In this fourth installment, we meet many of the characters from the earlier books. Still together with the central figure of Rosie are her long-serving Filipina maid, Nina Balignasay, and business partner, Cherril Peters. The latter is the Chinese wife of an Anglo-Indian politician. There is also the Malay policeman, Salim Aisyah, who wants Nina to marry him. The major races in Singapore are thus represented in this cast of characters. In this assembly, Rosie is the benign face of Chinese privilege and her acquaintance, Beth Kwuan, the opposite. Beth thinks it acceptable to confiscate Nina’s phone, lock her in her room overnight without access to a toilet and feed her only on white bread and instant noodles. Nina is lent by Rosie to Beth, who is suddenly missing her maid in the middle of a house renovation. This disappearance provides the trigger for subsequent events.

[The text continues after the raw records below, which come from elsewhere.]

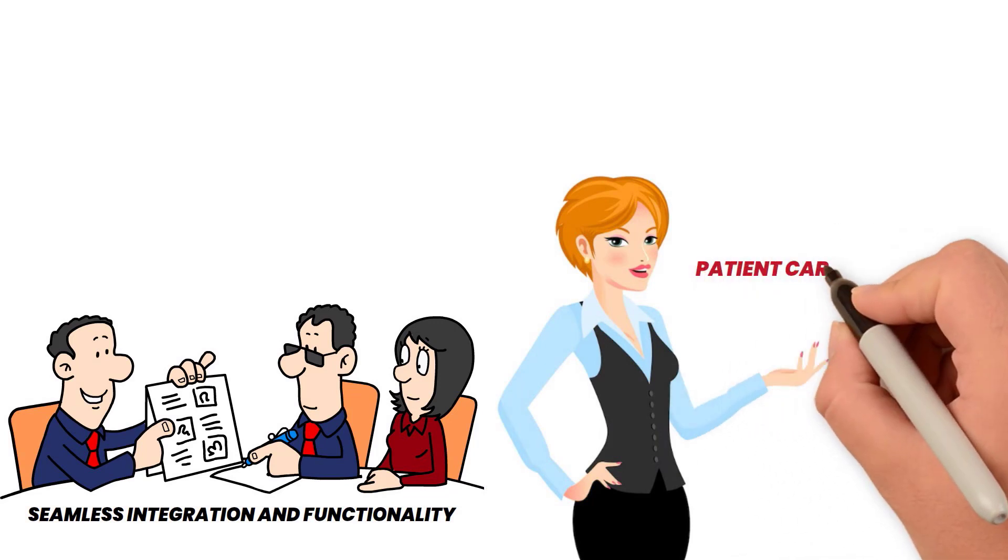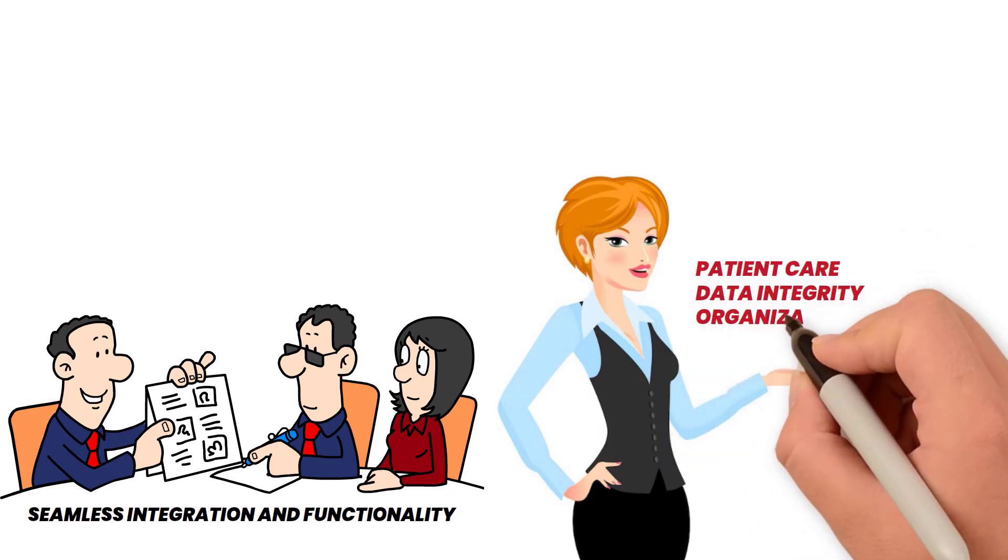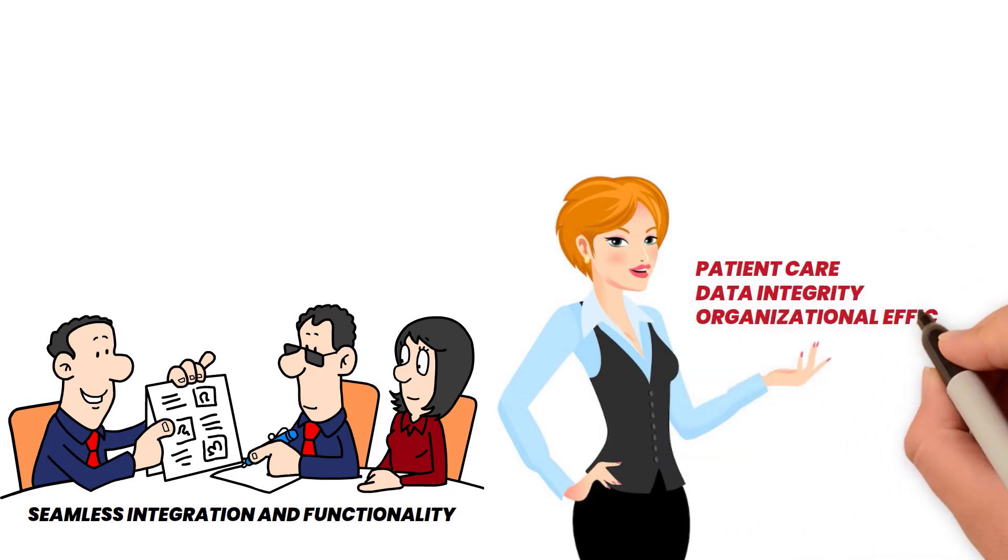Impacting patient care, data integrity, and organizational efficiency, they make a difference in healthcare technology.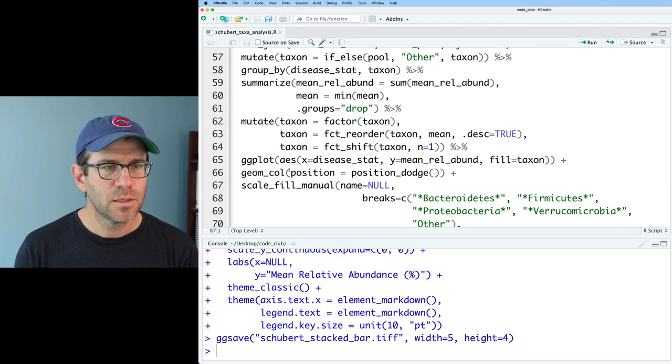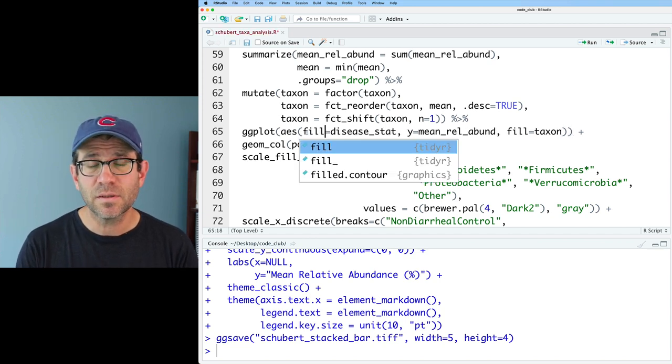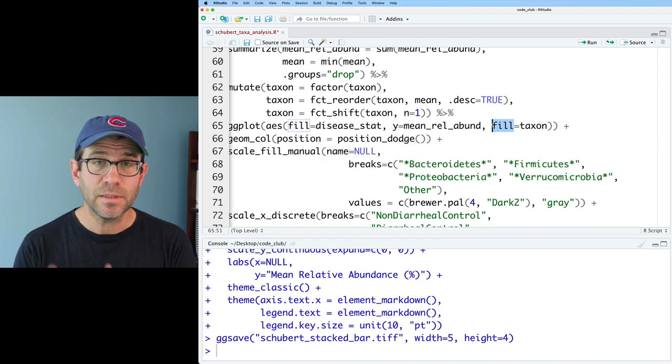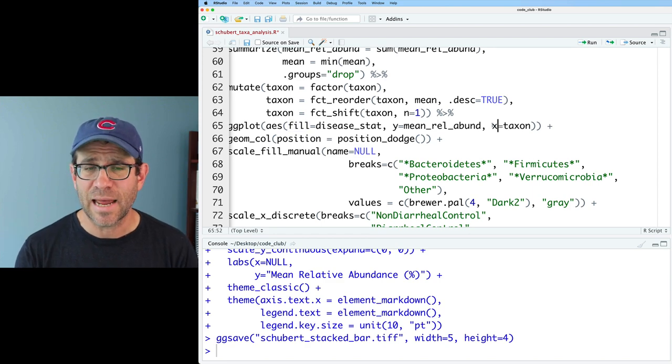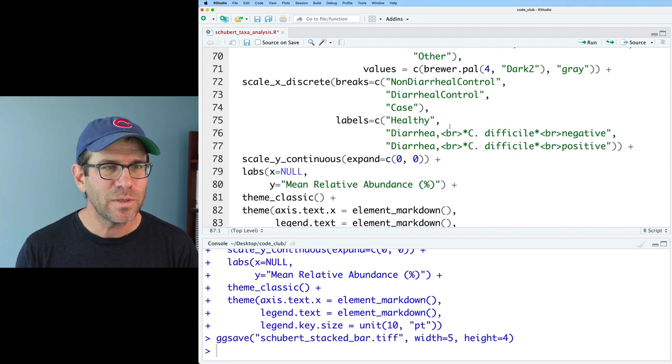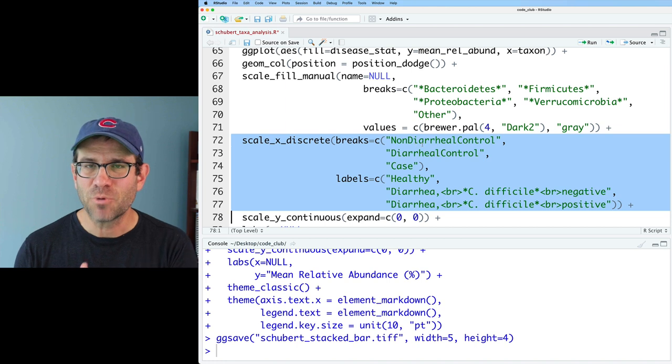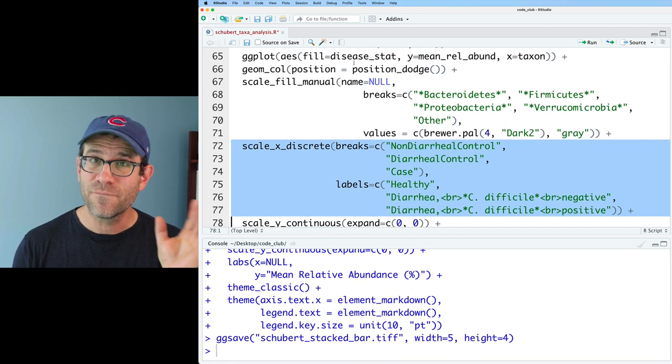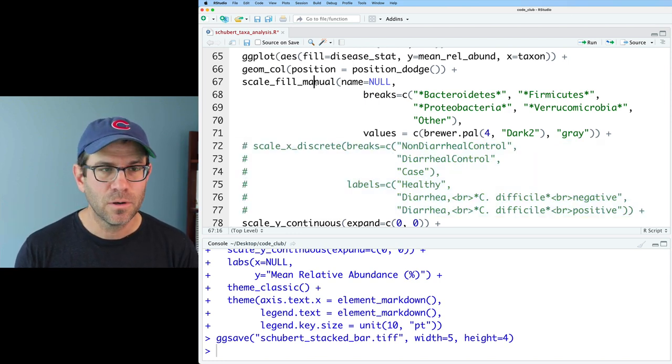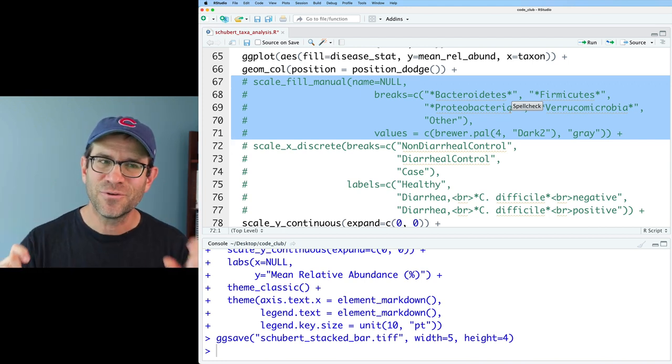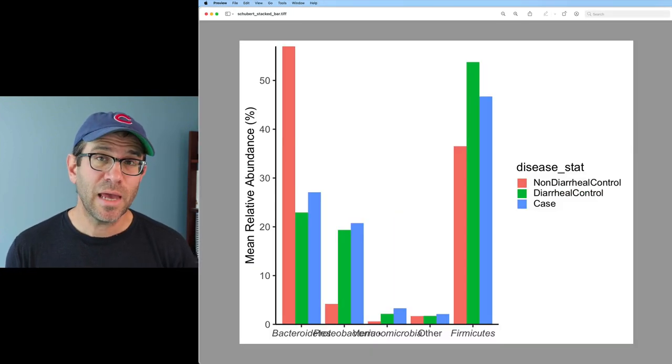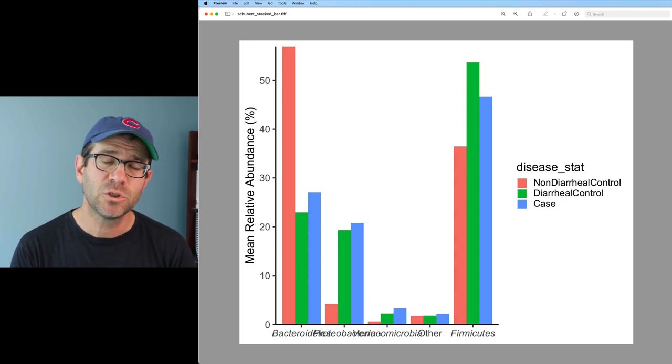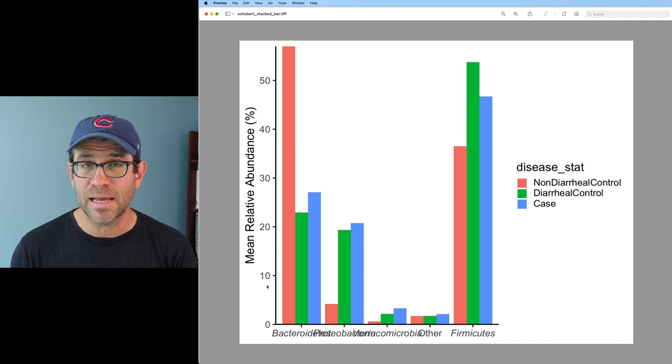To change the grouping, I'm going to come back up here to my ggplot line and instead of x equals disease_stat, I'm going to set the fill color to vary by the disease status. Also, instead of fill equals taxon, I want my taxa across the x-axis, so I'll say x equals taxon. And what we get back is a blank plot. Why is that? Well, that's because we set scale_x_discrete to have these breaks of non-diarrheal control, diarrheal control case, and those are our disease statuses, which are now the fill rather than the x-axis position. So I'll go ahead and comment that out. I'm not going to delete this code just yet because I'll probably want to reuse it because we'll want to shift scale_fill_manual and scale_x_discrete, and so I'll probably want to recycle this code later.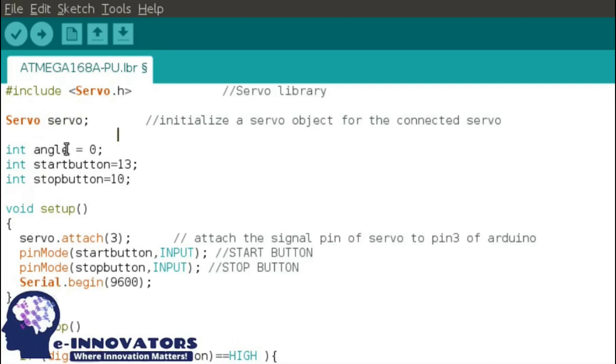The first one is for the anchor. The second one is for the start button. The third one is for the stop button.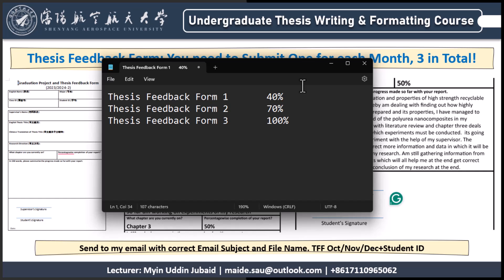In the second feedback form, you can write about data analysis, or that you have started working on the research methodology — some kind of simulation, design in progress, or engineering experiments.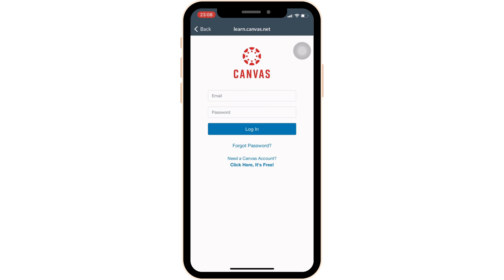Once you have recovered your password, enter it in the password field and then tap on Login. Once you tap Login, you will be successfully logged into your Canvas Student account and you'll be good to go. That's all for today — this is simply how you can log into your Canvas Student account.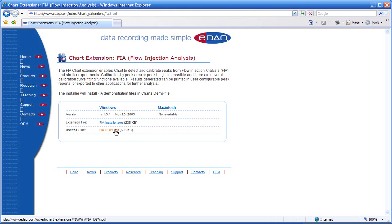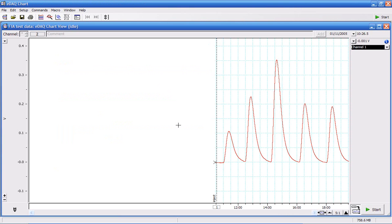Once you've downloaded this, double click to install. This is data showing some peaks. I'm going to use this data to show you how you use the flow analysis extension.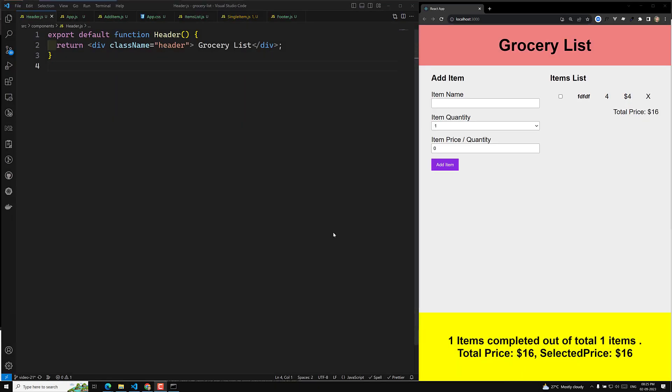Hi guys, this is Leela, welcome to my channel Leela Web Dev. We have completed our events project, so let's move on to the next new project we will develop — that is nothing but a grocery list.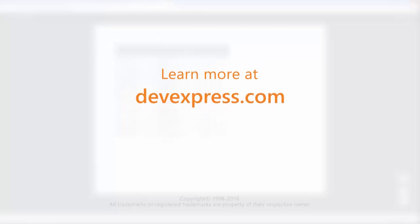And that's it for this video. To learn more about our ASP.NET controls, make sure to check out the documentation on our website. Thanks for watching and thank you for choosing DevExpress.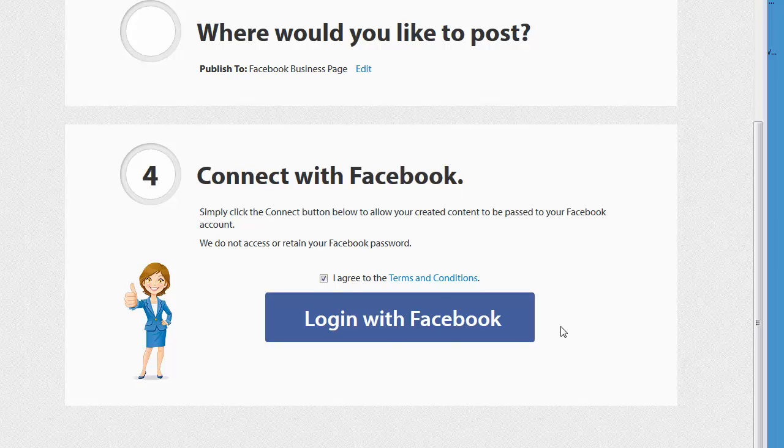Facebook Connect is a fast, easy, and super secure way to allow you to use your Facebook account to interact with the web.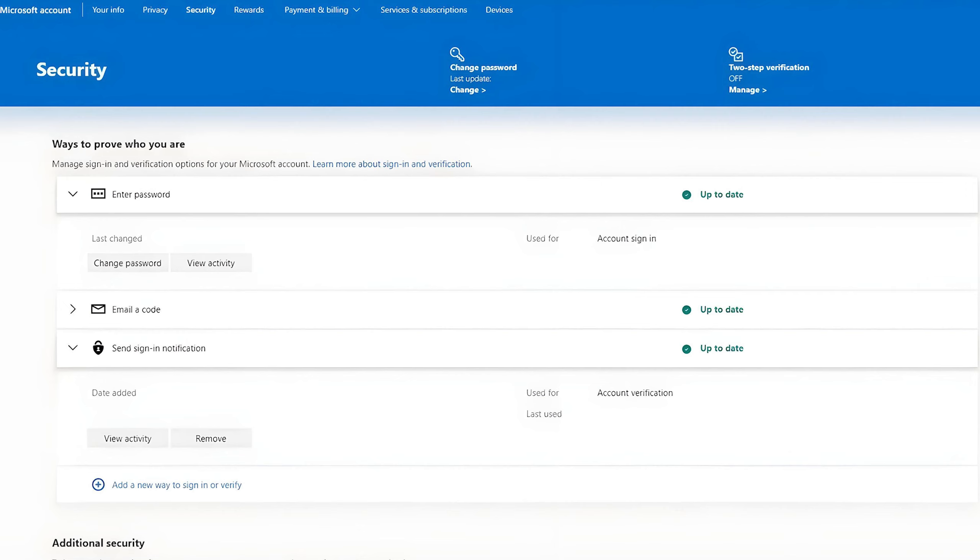And now what you should do is to simply click on this arrow on the left side of the Microsoft Authenticator icon. And once you click on it, it will show you here these two options, view activity and remove. Just tap on remove.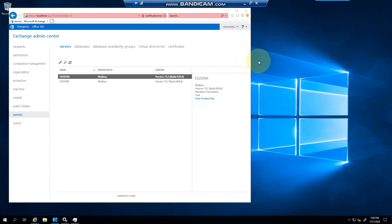Hello everyone, welcome to another Exchange 2019 video. My name is Ed, and in this video I want to show you how to license your Exchange Server. For the more senior admins it's pretty straightforward, but for people new to Exchange, there are two ways that you can do it.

Meddling and Murder is, however, different from its predecessors in at least two major ways. The first is the lack of white characters. In the earlier books, the privileged Caucasian expatriate was a key to the events as either a murder victim or killer. With their removal, Yu gives this outsider role solely to the mainland Chinese (PRC) characters. This move has the effect of strongly othering them as they are sharply contrasted to the local-born Singaporeans of all races. PRC Chinese are seen by locals as unreliable, dishonest, and culturally distinct from the English-educated local population. The second difference is the disappearance of the quirky humour that made the series a fun read. A lot of this humour comes from the interactions between Rosie and her maid Nina as the odd couple chunter through life. The fourth installment of the series separates them and so most of the comedy is lost. Without these two distractions, the Caucasian outsider and the local humor, the reader’s attention is focused on some of the less pleasant dynamics of Singaporean life.

The opening pages show us a classic scene from a gangster movie. A dead body is lowered into the foundation of a construction site to be buried under cement. It is being disposed of like other construction debris. So, Singapore’s next office tower or luxury condominium will be built on the corpse of a Filipina maid. And other migrant workers, who labor in the construction industry, will pour in the concrete. The sensationalism of the scene is made to serve a powerful political critique.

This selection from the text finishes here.